>>>

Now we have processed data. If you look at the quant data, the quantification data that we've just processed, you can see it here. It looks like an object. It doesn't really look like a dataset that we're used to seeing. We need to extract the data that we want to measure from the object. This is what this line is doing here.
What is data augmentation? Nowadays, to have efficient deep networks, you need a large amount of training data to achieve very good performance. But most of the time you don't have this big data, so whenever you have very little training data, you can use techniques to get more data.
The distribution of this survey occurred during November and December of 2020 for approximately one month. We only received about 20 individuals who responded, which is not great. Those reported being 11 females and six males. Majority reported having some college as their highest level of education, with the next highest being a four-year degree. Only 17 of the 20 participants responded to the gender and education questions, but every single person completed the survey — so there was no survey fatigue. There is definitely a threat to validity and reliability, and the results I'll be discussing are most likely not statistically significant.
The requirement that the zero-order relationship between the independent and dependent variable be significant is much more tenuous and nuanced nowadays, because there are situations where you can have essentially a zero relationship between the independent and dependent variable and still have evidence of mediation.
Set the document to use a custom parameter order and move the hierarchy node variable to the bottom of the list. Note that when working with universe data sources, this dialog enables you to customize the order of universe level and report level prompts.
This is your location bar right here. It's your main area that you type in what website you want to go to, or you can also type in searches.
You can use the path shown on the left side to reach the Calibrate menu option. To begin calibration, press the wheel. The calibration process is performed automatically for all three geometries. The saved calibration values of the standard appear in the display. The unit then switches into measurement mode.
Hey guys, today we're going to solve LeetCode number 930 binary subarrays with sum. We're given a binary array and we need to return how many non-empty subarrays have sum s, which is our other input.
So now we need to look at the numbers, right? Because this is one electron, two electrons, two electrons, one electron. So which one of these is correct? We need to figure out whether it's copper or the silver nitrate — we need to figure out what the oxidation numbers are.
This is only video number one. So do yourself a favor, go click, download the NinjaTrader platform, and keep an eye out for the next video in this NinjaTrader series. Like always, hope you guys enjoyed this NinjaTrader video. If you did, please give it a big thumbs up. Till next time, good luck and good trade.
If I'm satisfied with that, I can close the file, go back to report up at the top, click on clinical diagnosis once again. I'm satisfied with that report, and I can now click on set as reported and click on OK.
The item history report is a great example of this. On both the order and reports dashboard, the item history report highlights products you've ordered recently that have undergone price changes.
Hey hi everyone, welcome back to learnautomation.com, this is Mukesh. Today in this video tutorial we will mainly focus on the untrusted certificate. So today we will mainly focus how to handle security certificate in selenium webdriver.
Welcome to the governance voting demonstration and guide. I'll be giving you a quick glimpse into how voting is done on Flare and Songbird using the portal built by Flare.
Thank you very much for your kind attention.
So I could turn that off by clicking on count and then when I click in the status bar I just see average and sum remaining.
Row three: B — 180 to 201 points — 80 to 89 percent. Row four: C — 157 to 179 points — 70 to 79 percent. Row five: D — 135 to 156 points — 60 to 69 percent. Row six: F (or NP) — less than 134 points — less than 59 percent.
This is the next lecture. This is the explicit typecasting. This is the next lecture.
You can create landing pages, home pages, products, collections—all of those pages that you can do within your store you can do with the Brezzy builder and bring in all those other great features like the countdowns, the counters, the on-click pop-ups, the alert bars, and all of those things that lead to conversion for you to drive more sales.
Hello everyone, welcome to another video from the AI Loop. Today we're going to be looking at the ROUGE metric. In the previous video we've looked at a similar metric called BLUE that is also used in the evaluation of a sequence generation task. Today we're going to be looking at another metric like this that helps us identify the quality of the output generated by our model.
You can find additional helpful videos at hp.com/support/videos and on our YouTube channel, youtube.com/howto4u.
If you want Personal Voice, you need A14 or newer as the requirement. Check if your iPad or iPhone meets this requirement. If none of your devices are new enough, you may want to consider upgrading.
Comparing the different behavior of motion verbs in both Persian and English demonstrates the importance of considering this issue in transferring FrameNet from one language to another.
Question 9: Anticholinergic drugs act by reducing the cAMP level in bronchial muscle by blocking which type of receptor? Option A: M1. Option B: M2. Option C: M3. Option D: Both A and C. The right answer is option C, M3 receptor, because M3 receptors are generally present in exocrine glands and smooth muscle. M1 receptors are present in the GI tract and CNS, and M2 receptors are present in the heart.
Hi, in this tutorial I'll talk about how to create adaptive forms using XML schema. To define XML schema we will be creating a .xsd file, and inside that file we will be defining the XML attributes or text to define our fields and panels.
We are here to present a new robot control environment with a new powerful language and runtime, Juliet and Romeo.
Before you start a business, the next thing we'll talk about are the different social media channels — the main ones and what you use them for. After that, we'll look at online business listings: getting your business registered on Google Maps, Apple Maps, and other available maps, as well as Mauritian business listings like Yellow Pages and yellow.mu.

<<<

→ Work item
Retype every entry exactly.

→ Answer area
Now we have processed data. If you look at the quant data, the quantification data that we've just processed, you can see it here. It looks like an object. It doesn't really look like a dataset that we're used to seeing. We need to extract the data that we want to measure from the object. This is what this line is doing here.
What is data augmentation? Nowadays, to have efficient deep networks, you need a large amount of training data to achieve very good performance. But most of the time you don't have this big data, so whenever you have very little training data, you can use techniques to get more data.
The distribution of this survey occurred during November and December of 2020 for approximately one month. We only received about 20 individuals who responded, which is not great. Those reported being 11 females and six males. Majority reported having some college as their highest level of education, with the next highest being a four-year degree. Only 17 of the 20 participants responded to the gender and education questions, but every single person completed the survey — so there was no survey fatigue. There is definitely a threat to validity and reliability, and the results I'll be discussing are most likely not statistically significant.
The requirement that the zero-order relationship between the independent and dependent variable be significant is much more tenuous and nuanced nowadays, because there are situations where you can have essentially a zero relationship between the independent and dependent variable and still have evidence of mediation.
Set the document to use a custom parameter order and move the hierarchy node variable to the bottom of the list. Note that when working with universe data sources, this dialog enables you to customize the order of universe level and report level prompts.
This is your location bar right here. It's your main area that you type in what website you want to go to, or you can also type in searches.
You can use the path shown on the left side to reach the Calibrate menu option. To begin calibration, press the wheel. The calibration process is performed automatically for all three geometries. The saved calibration values of the standard appear in the display. The unit then switches into measurement mode.
Hey guys, today we're going to solve LeetCode number 930 binary subarrays with sum. We're given a binary array and we need to return how many non-empty subarrays have sum s, which is our other input.
So now we need to look at the numbers, right? Because this is one electron, two electrons, two electrons, one electron. So which one of these is correct? We need to figure out whether it's copper or the silver nitrate — we need to figure out what the oxidation numbers are.
This is only video number one. So do yourself a favor, go click, download the NinjaTrader platform, and keep an eye out for the next video in this NinjaTrader series. Like always, hope you guys enjoyed this NinjaTrader video. If you did, please give it a big thumbs up. Till next time, good luck and good trade.
If I'm satisfied with that, I can close the file, go back to report up at the top, click on clinical diagnosis once again. I'm satisfied with that report, and I can now click on set as reported and click on OK.
The item history report is a great example of this. On both the order and reports dashboard, the item history report highlights products you've ordered recently that have undergone price changes.
Hey hi everyone, welcome back to learnautomation.com, this is Mukesh. Today in this video tutorial we will mainly focus on the untrusted certificate. So today we will mainly focus how to handle security certificate in selenium webdriver.
Welcome to the governance voting demonstration and guide. I'll be giving you a quick glimpse into how voting is done on Flare and Songbird using the portal built by Flare.
Thank you very much for your kind attention.
So I could turn that off by clicking on count and then when I click in the status bar I just see average and sum remaining.
Row three: B — 180 to 201 points — 80 to 89 percent. Row four: C — 157 to 179 points — 70 to 79 percent. Row five: D — 135 to 156 points — 60 to 69 percent. Row six: F (or NP) — less than 134 points — less than 59 percent.
This is the next lecture. This is the explicit typecasting. This is the next lecture.
You can create landing pages, home pages, products, collections—all of those pages that you can do within your store you can do with the Brezzy builder and bring in all those other great features like the countdowns, the counters, the on-click pop-ups, the alert bars, and all of those things that lead to conversion for you to drive more sales.
Hello everyone, welcome to another video from the AI Loop. Today we're going to be looking at the ROUGE metric. In the previous video we've looked at a similar metric called BLUE that is also used in the evaluation of a sequence generation task. Today we're going to be looking at another metric like this that helps us identify the quality of the output generated by our model.
You can find additional helpful videos at hp.com/support/videos and on our YouTube channel, youtube.com/howto4u.
If you want Personal Voice, you need A14 or newer as the requirement. Check if your iPad or iPhone meets this requirement. If none of your devices are new enough, you may want to consider upgrading.
Comparing the different behavior of motion verbs in both Persian and English demonstrates the importance of considering this issue in transferring FrameNet from one language to another.
Question 9: Anticholinergic drugs act by reducing the cAMP level in bronchial muscle by blocking which type of receptor? Option A: M1. Option B: M2. Option C: M3. Option D: Both A and C. The right answer is option C, M3 receptor, because M3 receptors are generally present in exocrine glands and smooth muscle. M1 receptors are present in the GI tract and CNS, and M2 receptors are present in the heart.
Hi, in this tutorial I'll talk about how to create adaptive forms using XML schema. To define XML schema we will be creating a .xsd file, and inside that file we will be defining the XML attributes or text to define our fields and panels.
We are here to present a new robot control environment with a new powerful language and runtime, Juliet and Romeo.
Before you start a business, the next thing we'll talk about are the different social media channels — the main ones and what you use them for. After that, we'll look at online business listings: getting your business registered on Google Maps, Apple Maps, and other available maps, as well as Mauritian business listings like Yellow Pages and yellow.mu.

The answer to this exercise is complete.